The advantage of this approach is that the specialist benches fall within the overall framework of regular courts, necessitating no amendments to Indian law. However, in order for this to work well, one must devise appropriate eligibility criteria for such judges. Secondly, the judges must be given intensive IP training. Lastly, it must be ensured that these judges sit on the IP bench for a significant period of time, without being made to rotate every 2-3 years.’

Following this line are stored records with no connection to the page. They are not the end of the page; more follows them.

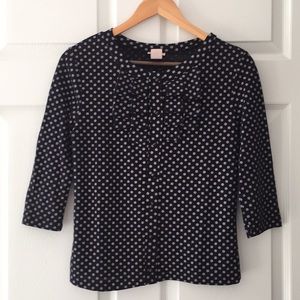 3/4 length sleeve ruffle cardigan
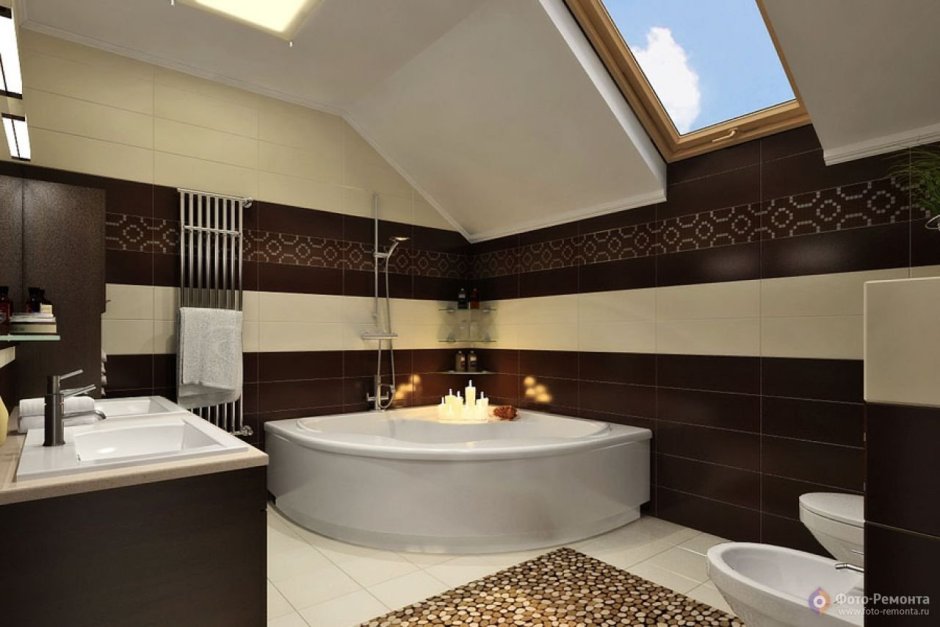 Ванная комната в шоколадных тонах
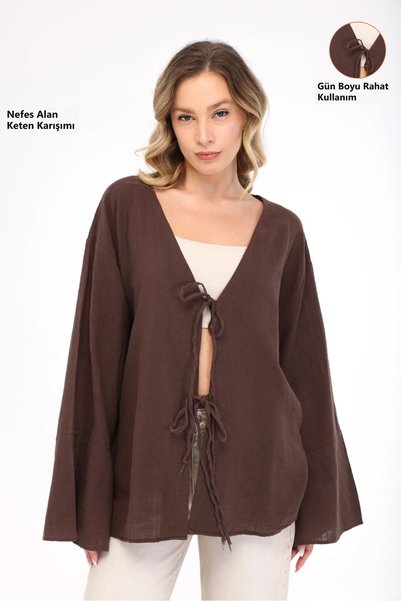 Freemen Kimono maro supradimensionat din in pentru femei și mâneci liliac cu ...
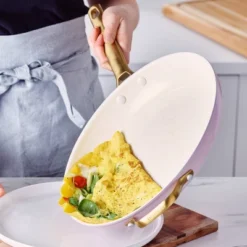 GreenPan Reserve 12" Frypan With Helper Handle & Lid Blush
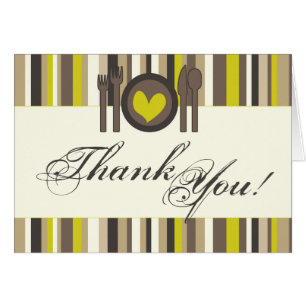Folded Thank You Card China Plate Silverware Place
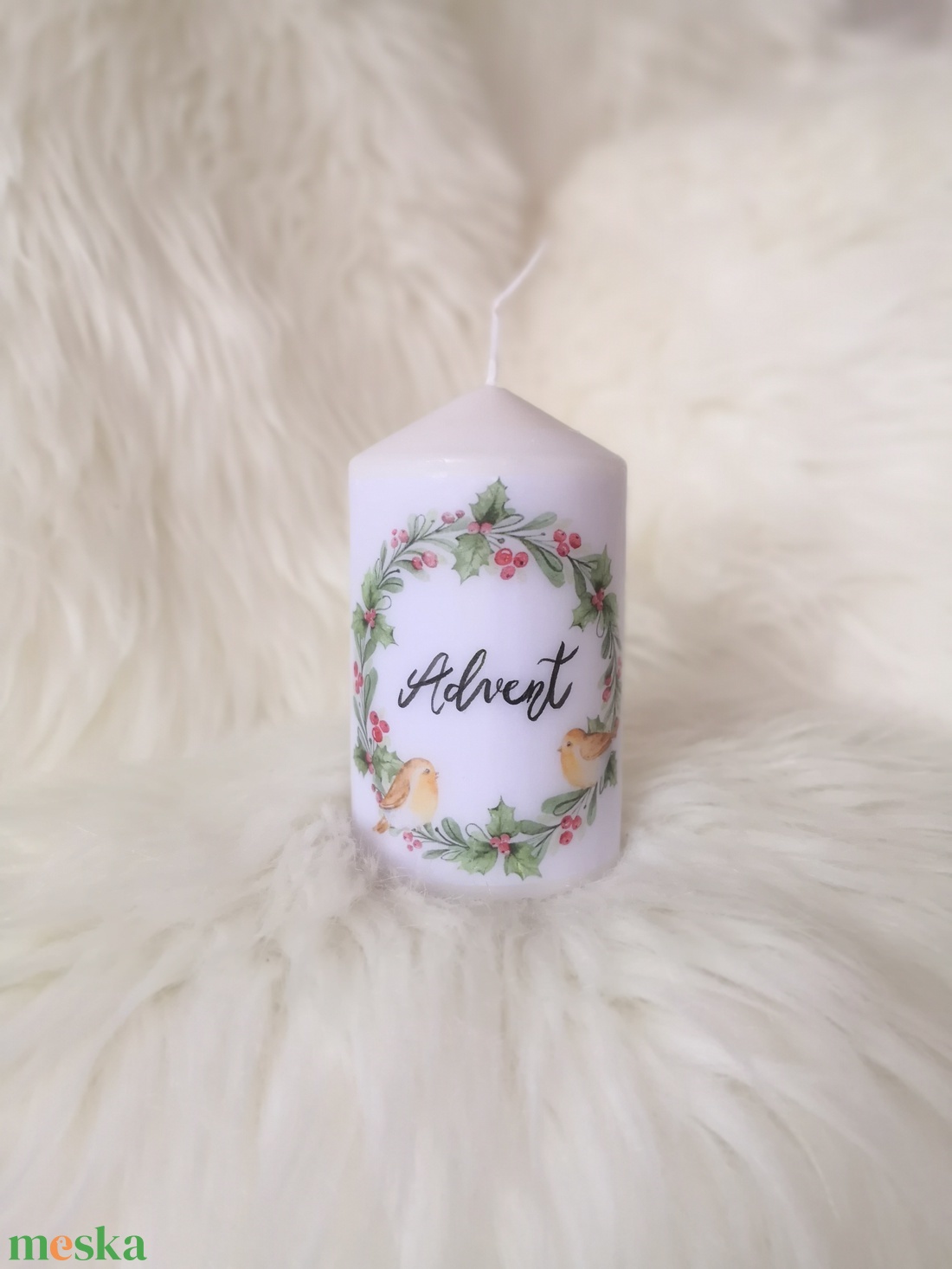 'Advent' kis dekorgyertya - karácsony - adventi díszek - adventi gyertyadíszek és koszorúdíszek - Meska.hu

Even Justice (Retd.) Prabha Sridevan had suggested an IP bench in the High Courts as a replacement to the IPAB. She observed that ‘The Government can save all the money that is spent on the infrastructure inadequate though it is, and the salary paid to the Chairman, members and staff.’ In another post, arguing for the scrapping of the IPAB, she highlighted the importance of public interest in IP disputes and said that ‘only Constitutional Courts have the jurisdictional space and power to factor that in. I believe that the jurisprudence cannot be based merely on an adversarial mode but must partake of the inquisitorial mode. This ability, a writ court has, but not a tribunal created under an ordinary Act. We have had tax benches in every court and they are given different case numbers (in Madras High Court, it is T.C). So an IP bench will not be a novelty. IP cases can have separate numbers and go on a separate track. The composition of the IP Bench must not be changed too often. There could be a panel of expert advisors for every area of expertise applicable (patents, G.I., plant varieties etc.) from whom the Court can get the expert insight to help them decide the dispute. There could be party experts and Court appointed experts to rule out bias. Time lines can be fixed to ensure quick disposal.’
Adv. Rajiv Choudhry (and regular SpicyIP blogger) had filed a writ petition on behalf of Telecom Equipment Manufacturers Association of India (TEMA) for this in early June and the matter was listed on 4 June 2021 asking for appropriate rules to be framed given the abolition of the IPAB. During the hearing, the counsel for the High Court informed the court that the central government was in the process of appointing officers to the high courts as the IPAB stood dissolved, and the rules were being appropriately framed.
Hopefully, the other High Courts will follow suit and establish IPDs. This will be particularly beneficial for courts that handle a significant volume of IP cases.
Update: It appears an office order has been passed by the Chief Justice of the Delhi High Court with regards to the IPD and is available here. Thanks to Dr. Amit George for sharing it with us.
2 thoughts on “IPAB Issue Finally Comes to a Conclusion: Delhi HC Creates Specialist IP Division”
Now IPR advocates practicing all over India will enjoy fruits of labour of retd Judge Prabha Sridevan bringing cases back to High Courts as former judge was whole heatedly voicing her view on closure of IPAB but after passing of at least 10 years from now then the history will dissect thoroughly the events unfolded in closure of IPAB whether the decision of closure of IPAB on recommendation of a tretd Judge Prabha Sridevan was good or bad
Did Judge Prabha Sridevan suggested to close IPAB without having another solution in hand? Doing something suddenly without giving notice is typical Indian way of doing things. For example, the Rule / Law amendments come into force overnight witout warning.
Whether it is IPAB or IPD, we want quick decisions on our cases.